Nonostante la promiscuità e l’incertezza terminologica delle due fattispecie processuali, la Suprema Corte ha, pertanto, precisato quali sono le conseguenze associate all’una o all’altra qualificazione: “un vizio insanabile, rilevabile in ogni stato e grado del processo, tale da costituire una soluzione drastica, in considerazione degli interessi sostanziali in gioco, nel caso dell’improponibilità; un arresto momentaneo del giudizio, rilevabile dalle parti e anche dal giudice ma non oltre la prima udienza, nel caso della improcedibilità ed atto a non precludere lo svolgimento del giudizio”.
Dopo avere indicato gli effetti delle due figure processuali (molto gravi nel caso della improponibilità e meno gravi nel caso della improcedibilità), la Suprema Corte stabilisce, in maniera netta, che il mancato esperimento della procedura obbligatoria di conciliazione in materia di telecomunicazioni è una condizione di improcedibilità.
Infatti, partendo dalla fattispecie analizzata, la Suprema Corte, in caso di mancato esperimento della procedura obbligatoria di conciliazione, propende per la condizione di improcedibilità perché, contrariamente alla condizione di improponibilità, vengono meglio contemperate le finalità deflattive perseguite dalla procedura di conciliazione con i principi costituzionali posti a difesa della ragionevolezza stessa della previsione (articoli 3, 24 e 111 della Cost.).

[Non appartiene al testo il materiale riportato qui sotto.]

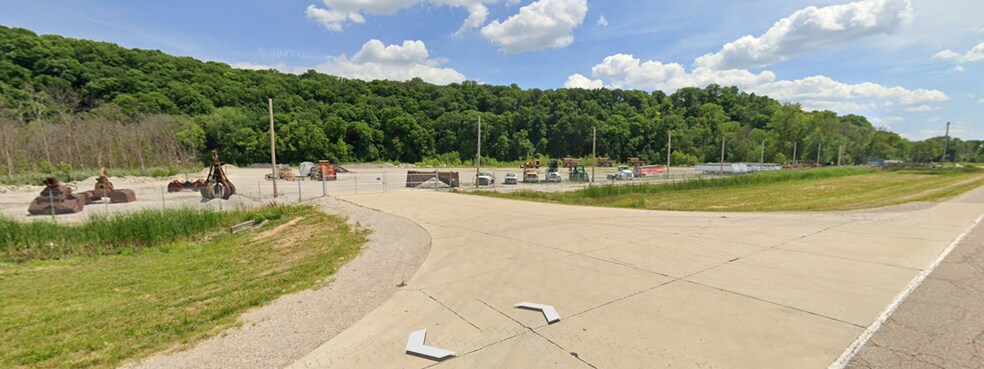 More Photos Of 1802 Main Street, Dupo Land For Lease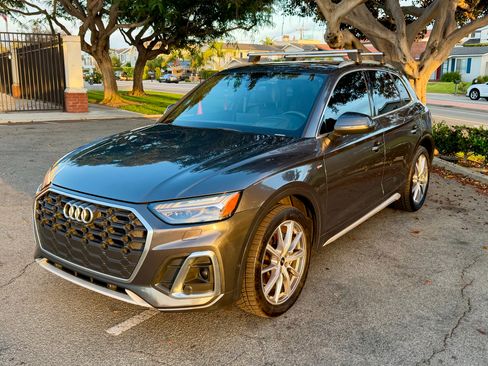 Used 2021 Audi Q5 e Prestige w/ Prestige Package AWD/4WD image 2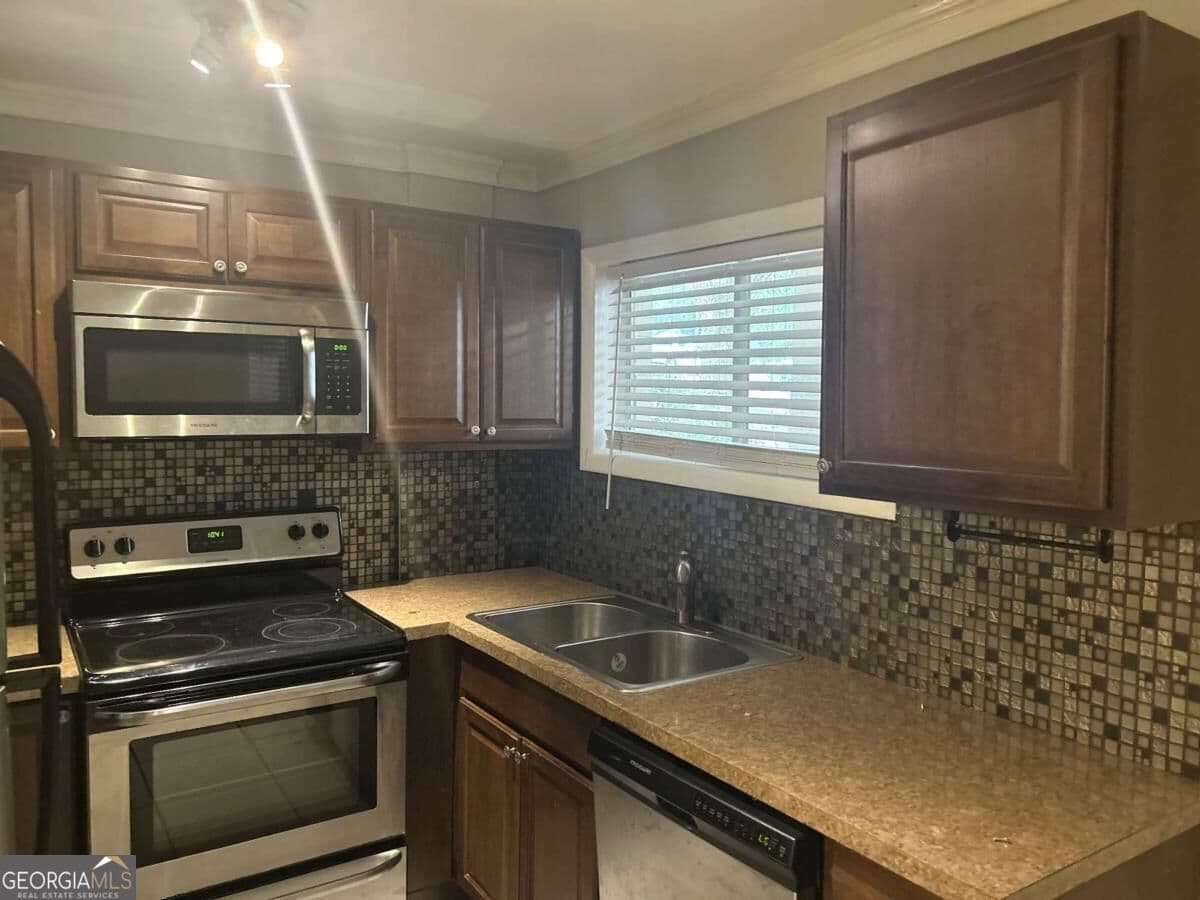 2 bedroom, 1 bathroom, 609 sq ft condominium for sale at 699 Argonne Avenue 3, Atlanta, GA 30308 — photo 8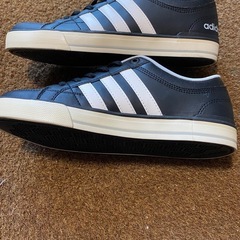 adidas アディダス　スニーカー　メンズの画像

Ne consegue, dunque, che la parte che inizia un giudizio, senza avere preventivamente avviato la procedura di conciliazione obbligatoria prevista nel caso specifico, non sarà costretta a subire una condanna di improponibilità e a dover avviare un nuovo giudizio (con ogni negativa conseguenza anche economica), ma, a seguito di eccezione di parte o rilevabile d’ufficio, potrà avviare la procedura di conciliazione entro i termini assegnati dal giudice, facendo proseguire il giudizio già in corso. Si realizza così una corretta sintesi fra l’esigenza di non vanificare la prescrizione dell’obbligo di preventiva conciliazione con quella di evitare diseconomie processuali e di non incidere in misura troppo grave sul diritto di azione garantito dall’art. 24 Cost..
L’iter logico argomentativo della Suprema Corte, seppur inerente una disputa in materia di telecomunicazioni, pone finalmente una pietra miliare, chiarendo la differenza tra improcedibilità ed improponibilità e le conseguenze per il mancato esperimento del tentativo di conciliazione obbligatoria, con argomentazioni valide anche per gli ulteriori ambiti che prevedono condizioni di procedibilità.